Description: © The Author(s), 2018. This article is distributed under the terms of the Creative Commons Attribution License. The definitive version was published in Journal of Geophysical Research: Oceans 123 (2018): 4853-4873, doi:10.1029/2018JC013888.

Description: The first full transarctic section of 228Ra in surface waters measured during GEOTRACES cruises PS94 and HLY1502 (2015) shows a consistent distribution with maximum activities in the transpolar drift. Activities in the central Arctic have increased from 2007 through 2011 to 2015. The increased 228Ra input is attributed to stronger wave action on shelves resulting from a longer ice‐free season. A concomitant decrease in the 228Th/228Ra ratio likely results from more rapid transit of surface waters depleted in 228Th by scavenging over the shelf.

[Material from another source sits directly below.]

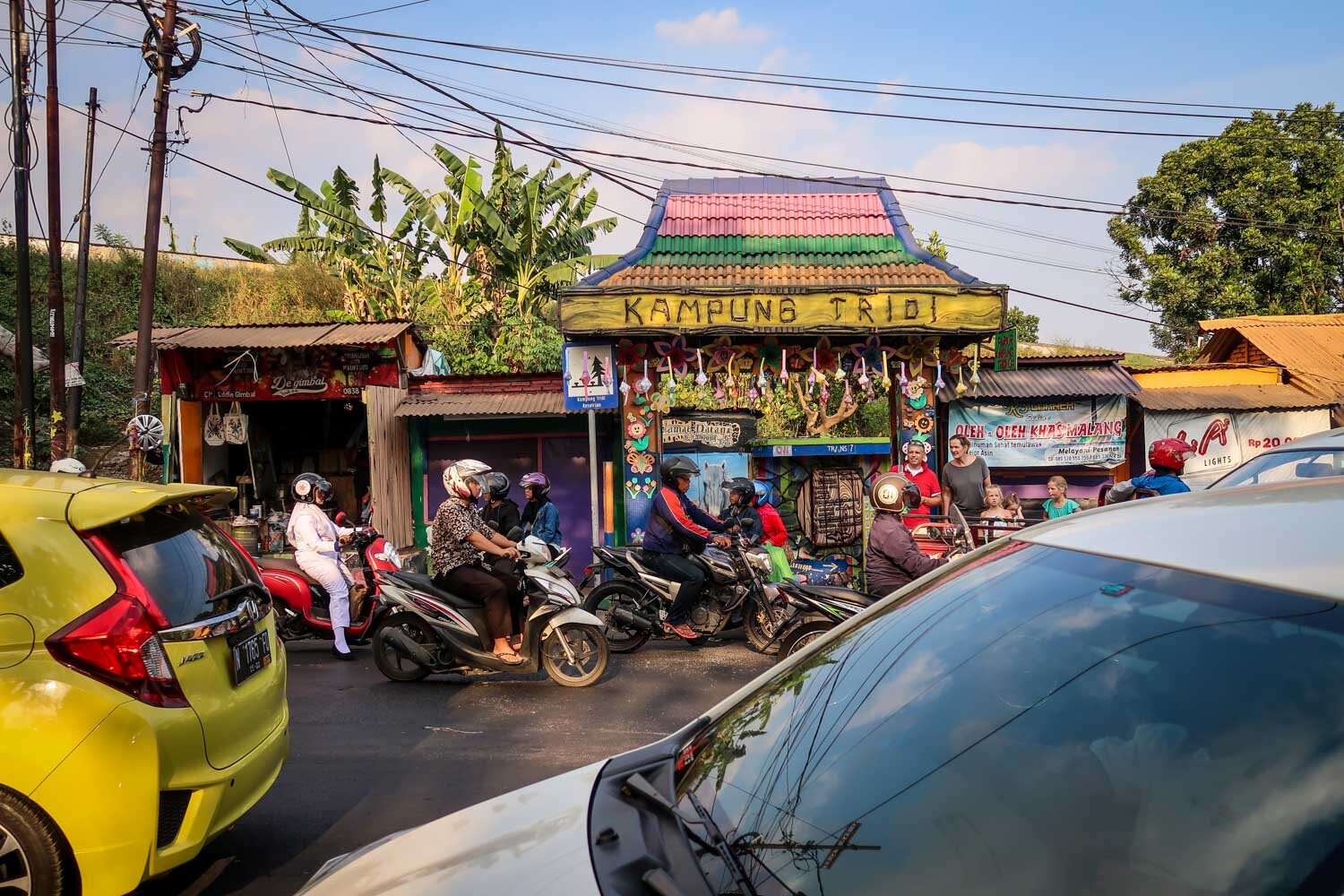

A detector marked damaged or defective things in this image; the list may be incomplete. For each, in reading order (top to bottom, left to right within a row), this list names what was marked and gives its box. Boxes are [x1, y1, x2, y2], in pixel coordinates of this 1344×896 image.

The 228Ra activities observed in intermediate waters (〈1,500 m) in the Amundsen Basin are explained by ventilation with shelf water on a time scale of about 15–18 years, in good agreement with estimates based on SF6 and 129I/236U. The 228Th excess below the mixed layer up to 1,500 m depth can complement 234Th and 210Po as tracers of export production, after correction for the inherent excess resulting from the similarity of 228Ra and 228Th decay times. We show with a Th/Ra profile model that the 228Th/228Ra ratio below 1,500 m is inappropriate for this purpose because it is a delicate balance between horizontal supply of 228Ra and vertical flux of particulate 228Th. The accumulation of 226Ra in the deep Makarov Basin is not associated with an accumulation of Ba and can therefore be attributed to supply from decay of 230Th in the bottom sediment. We estimate a ventilation time of 480 years for the deep Makarov‐Canada Basin, in good agreement with previous estimates using other tracers.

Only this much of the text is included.